:: SOURCE MATERIAL ::

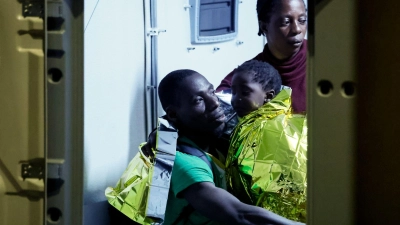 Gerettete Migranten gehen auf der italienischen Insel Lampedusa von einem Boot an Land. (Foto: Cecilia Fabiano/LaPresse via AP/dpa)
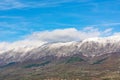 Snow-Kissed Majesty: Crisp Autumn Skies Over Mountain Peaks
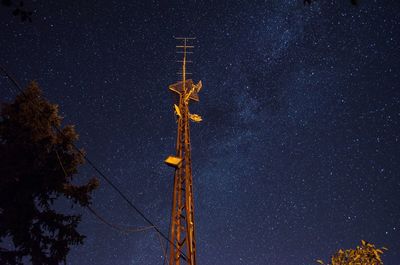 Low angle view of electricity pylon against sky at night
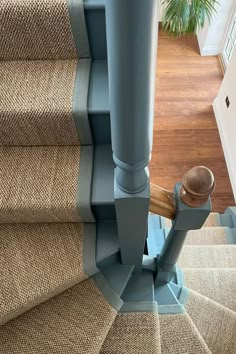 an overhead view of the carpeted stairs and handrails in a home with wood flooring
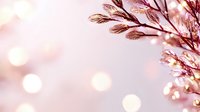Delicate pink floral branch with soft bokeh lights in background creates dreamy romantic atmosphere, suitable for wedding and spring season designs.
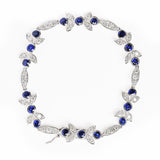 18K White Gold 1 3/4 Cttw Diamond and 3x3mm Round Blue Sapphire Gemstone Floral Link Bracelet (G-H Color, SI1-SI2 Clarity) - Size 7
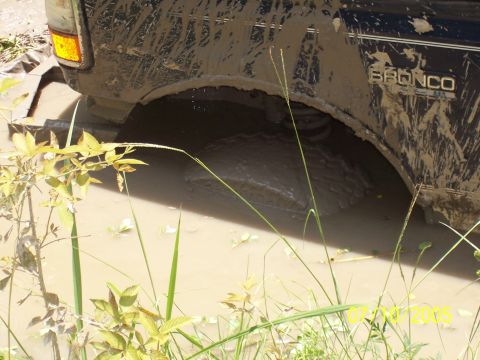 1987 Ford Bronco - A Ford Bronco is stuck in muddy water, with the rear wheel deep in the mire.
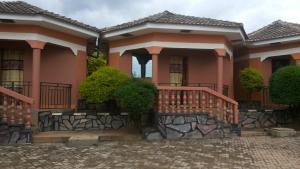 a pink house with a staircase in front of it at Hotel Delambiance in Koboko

:::
:: SOURCE MATERIAL ::

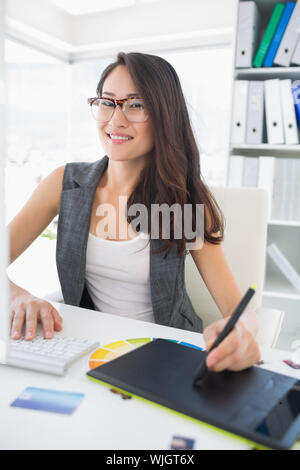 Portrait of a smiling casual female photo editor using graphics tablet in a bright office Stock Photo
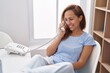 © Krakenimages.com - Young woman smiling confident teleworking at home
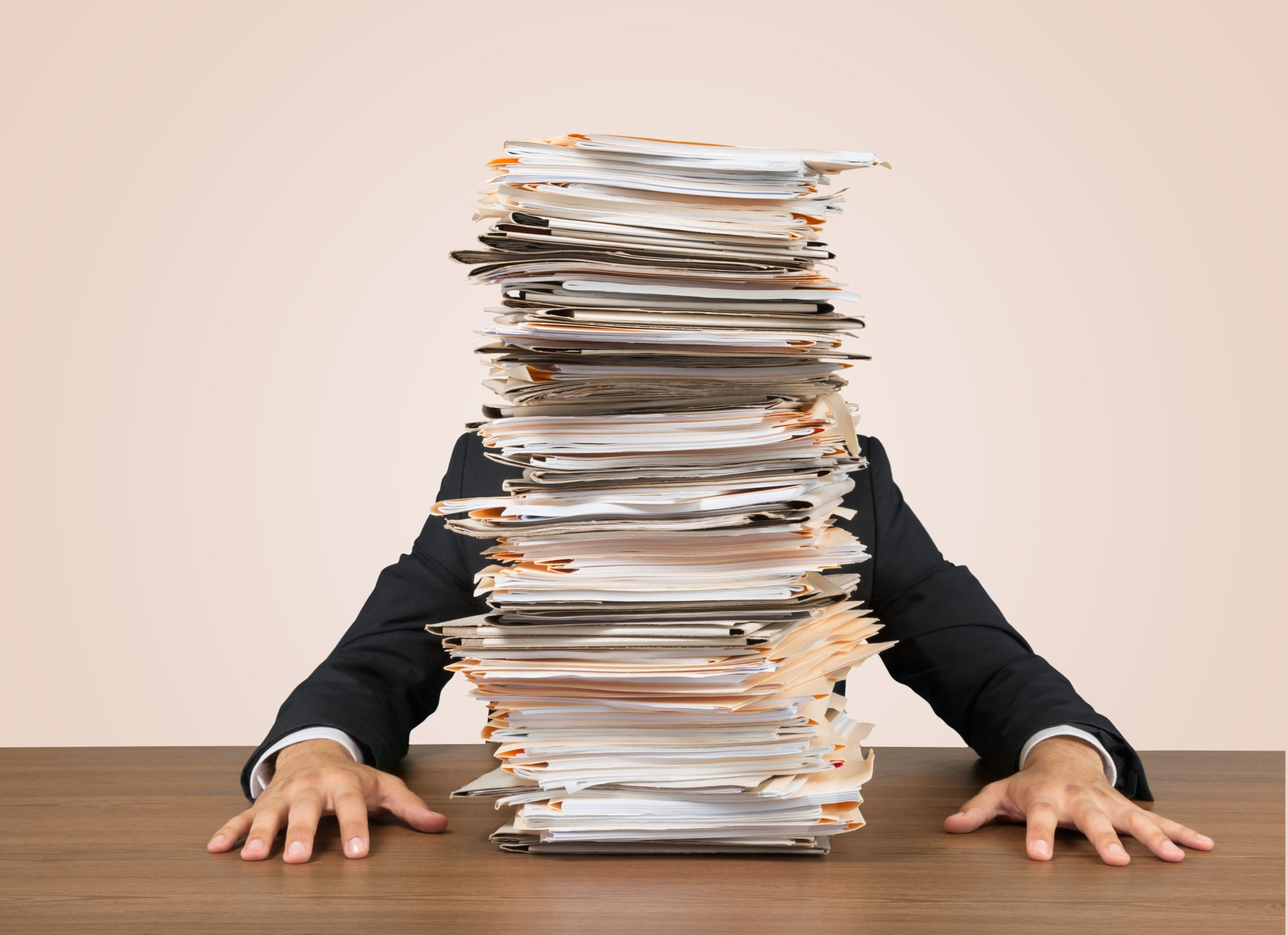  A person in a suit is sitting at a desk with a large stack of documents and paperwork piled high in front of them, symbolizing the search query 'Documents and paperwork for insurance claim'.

:::

- _DIRECTIONS_
Output only the stretch above from the line with "Gerettete Migranten gehen" through the line with "Low angle view", reproduced exactly. Exclude pictures.

- _OUTPUT_
 Gerettete Migranten gehen auf der italienischen Insel Lampedusa von einem Boot an Land. (Foto: Cecilia Fabiano/LaPresse via AP/dpa)
 Snow-Kissed Majesty: Crisp Autumn Skies Over Mountain Peaks
 Low angle view of electricity pylon against sky at night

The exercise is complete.